O recurso financeiro vem da ponta das empresas, que contratam a Kilimo para garantir que esses agricultores da base estejam de fato economizando água.

Ao mesmo tempo em que a empresa encontrou um modelo que valorizasse o uso da água, percebeu que muitas multinacionais estavam investindo em segurança hídrica. Na prática, estavam dispostas a incentivar financeiramente boas práticas.

A diferença para um crédito de carbono é que, por estarem atuando com água, a economia hídrica tem que ser feita próxima das empresas. “Não dá para uma empresa de fora do Brasil economizar água em Minas Gerais. É preciso investir num benefício volumétrico no mesmo lugar onde a empresa atua. Esse é um dos principais desafios nossos”.

Equipe da Kilimo: Rodrigo Tissiera (co-fundador), Andrea Ramos (VP de Adaptação Climática), Jairo Trad (CEO e co-fundador), Juan Carlos Abdala (CTO e co-fundador) e Tatiana Malvasio (co-fundadora)

Jairo Trad explica que criou a empresa com seus sócios por avaliar que havia uma oportunidade em torno do manejo da irrigação. “Notamos que administrar a irrigação corretamente seria algo valioso”.

Esse é o primeiro investimento da Emerald na América Latina. Segundo Helge Daebel, head da Emerald e que agora fará parte do conselho da startup, o VC viu uma oportunidade de “construir uma ponte entre o consumo de água e a adoção de tecnologia em um espaço difícil e as corporações expostas aos riscos hídricos locais”.

Já a Yield Lab Latam investiu pela primeira vez na empresa há seis anos e repetiu a dose nesta rodada. Santiago Murtagh, sócio da Yield Lab Latam e membro do conselho da Kilimo, afirmou que está “dobrando o investimento” pois a equipe demonstrou um timing apurado para engajar os players da cadeia do agro.

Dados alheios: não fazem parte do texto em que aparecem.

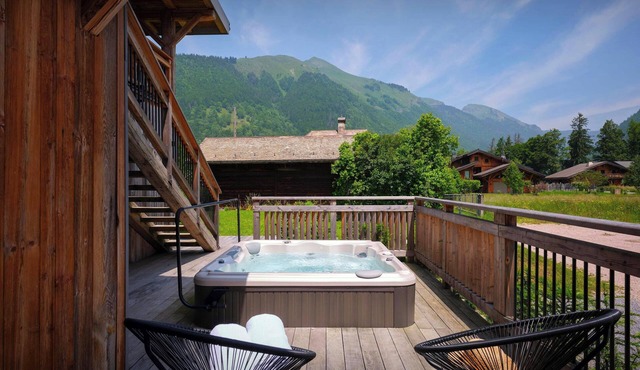 Chalet Plume - Renovated farmhouse,with hot tub and terraces - OVO Network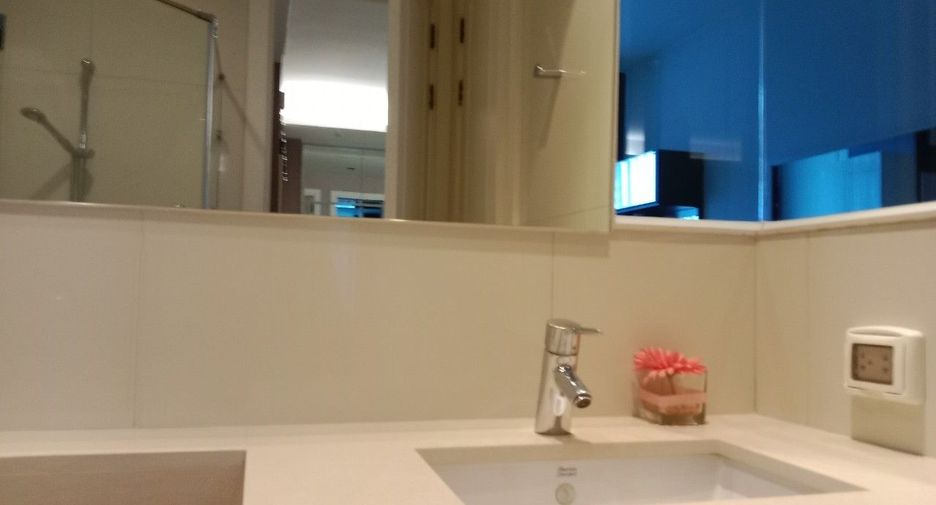 À louer 2 chambres condo à Pathum Wan, Bangkok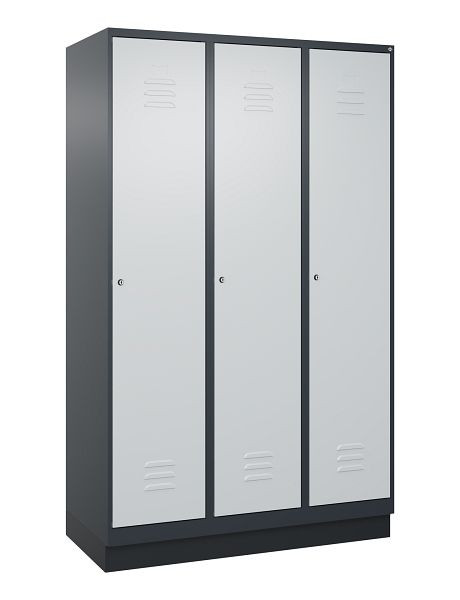 C+P Umkleidespind Classic PLUS, Sockel, 3 Abteile, 1950x1200x500mm, 7016/7035, Zylinderschlösser, 080020-32 S10028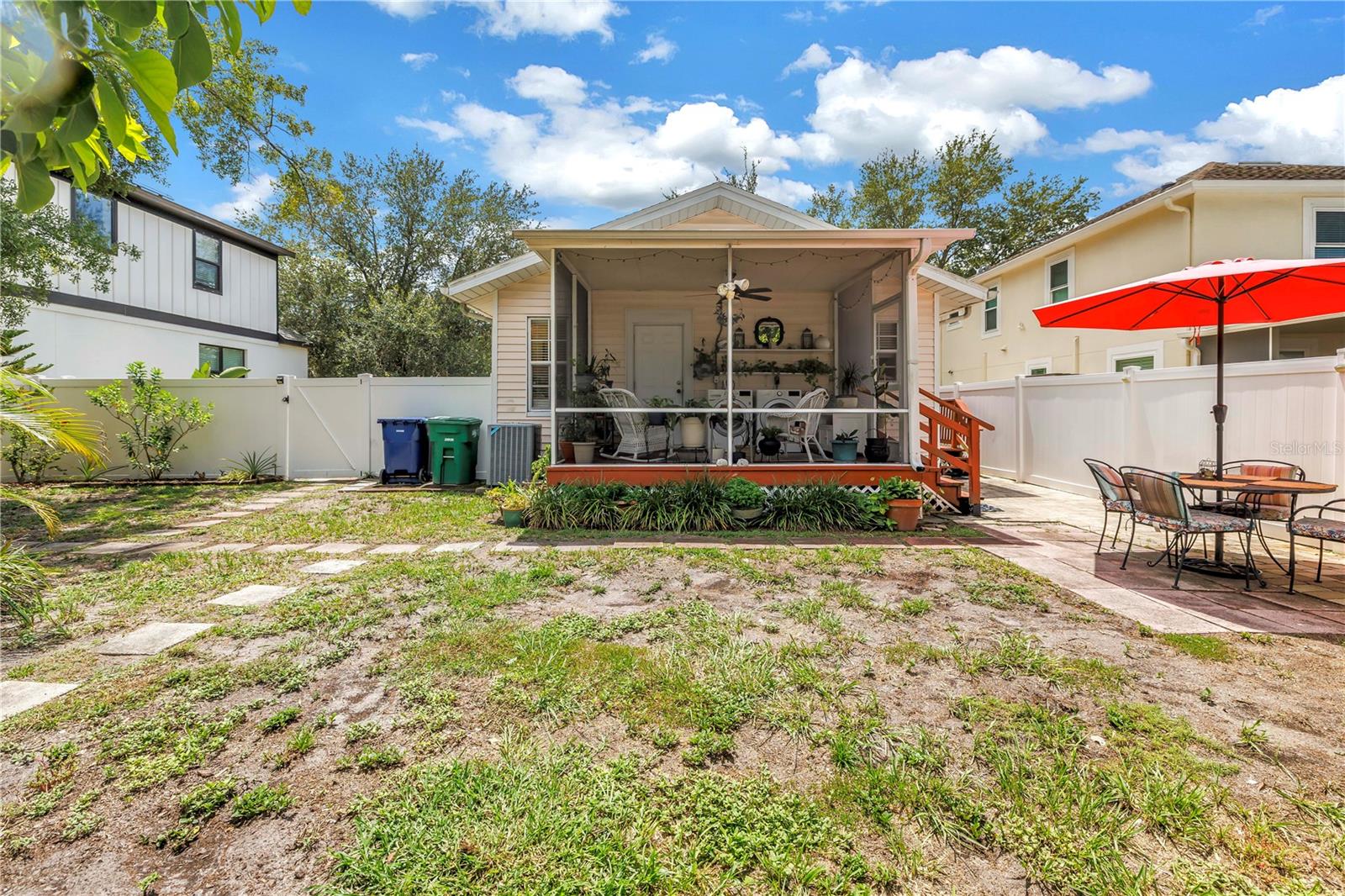 2711 W FIG ST — photo 34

“Vimos seu compromisso com os seus objetivos e uma adaptação rápida ao ambiente latino-americano e às práticas da indústria agrícola em constante evolução”, afirmou Murtagh, em comunicado.

A empresa começou a atuar em culturas de grãos na Argentina, principalmente no trigo e na soja irrigada. Hoje, o CEO estima que cerca de 20% de todos os pivôs de irrigação argentinos são clientes da Kilimo.

Depois de alguns anos, a empresa expandiu a atuação para culturas de maior valor agregado, como uvas, cereja, laranja e limão.

“Começamos a crescer em países como México, Chile e Peru e também no Brasil. A água para irrigação é basicamente gratuita para os agricultores, e isso faz com que eles não tenham incentivos para serem mais eficientes”, conta.